_Task requirements_.
An exact reproduction of the lines below, from the first through the one with "A man holding", is the whole answer; pictures have no place in it.

_Information supplied_.
▼

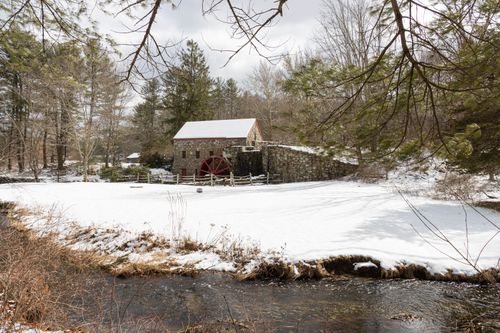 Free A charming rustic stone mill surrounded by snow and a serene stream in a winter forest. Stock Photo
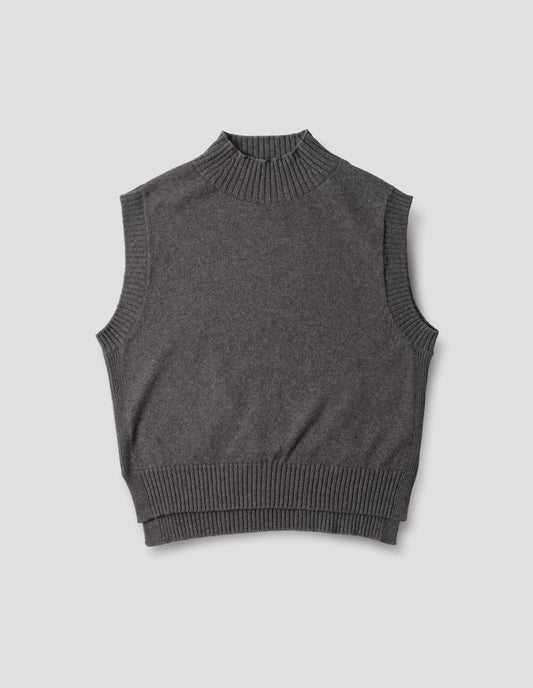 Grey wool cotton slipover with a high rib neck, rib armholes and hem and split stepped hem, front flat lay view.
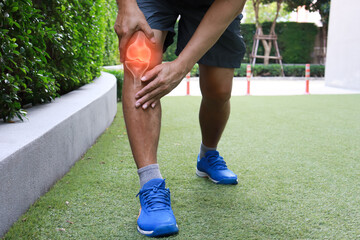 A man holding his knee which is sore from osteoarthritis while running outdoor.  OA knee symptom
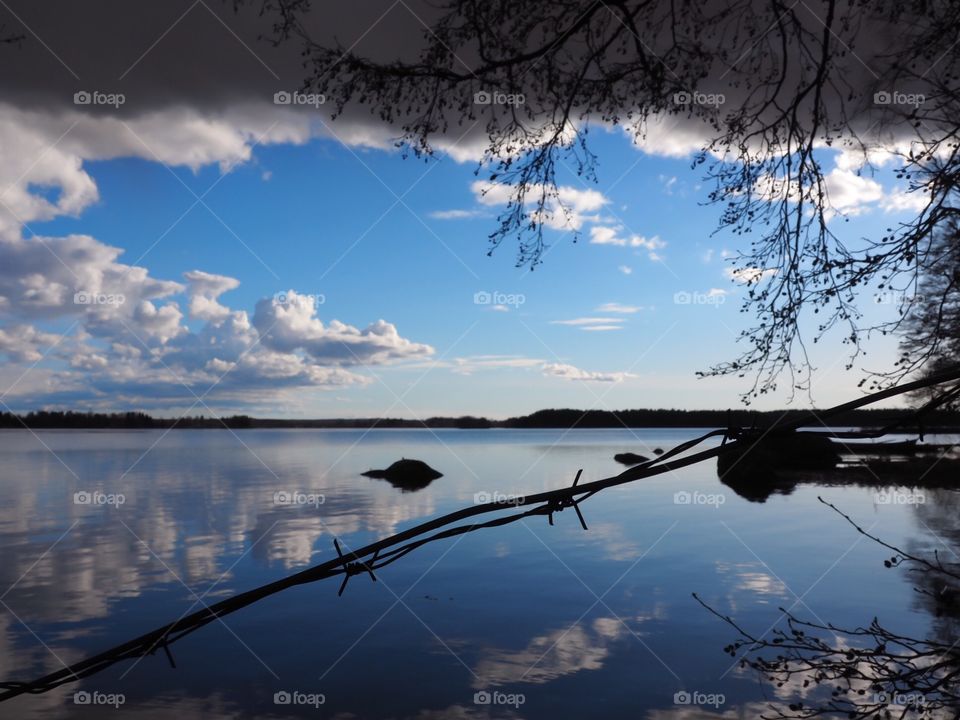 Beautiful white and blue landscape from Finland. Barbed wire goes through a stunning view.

▲

_Written response_.
 Free A charming rustic stone mill surrounded by snow and a serene stream in a winter forest. Stock Photo
 Grey wool cotton slipover with a high rib neck, rib armholes and hem and split stepped hem, front flat lay view.
 A man holding his knee which is sore from osteoarthritis while running outdoor.  OA knee symptom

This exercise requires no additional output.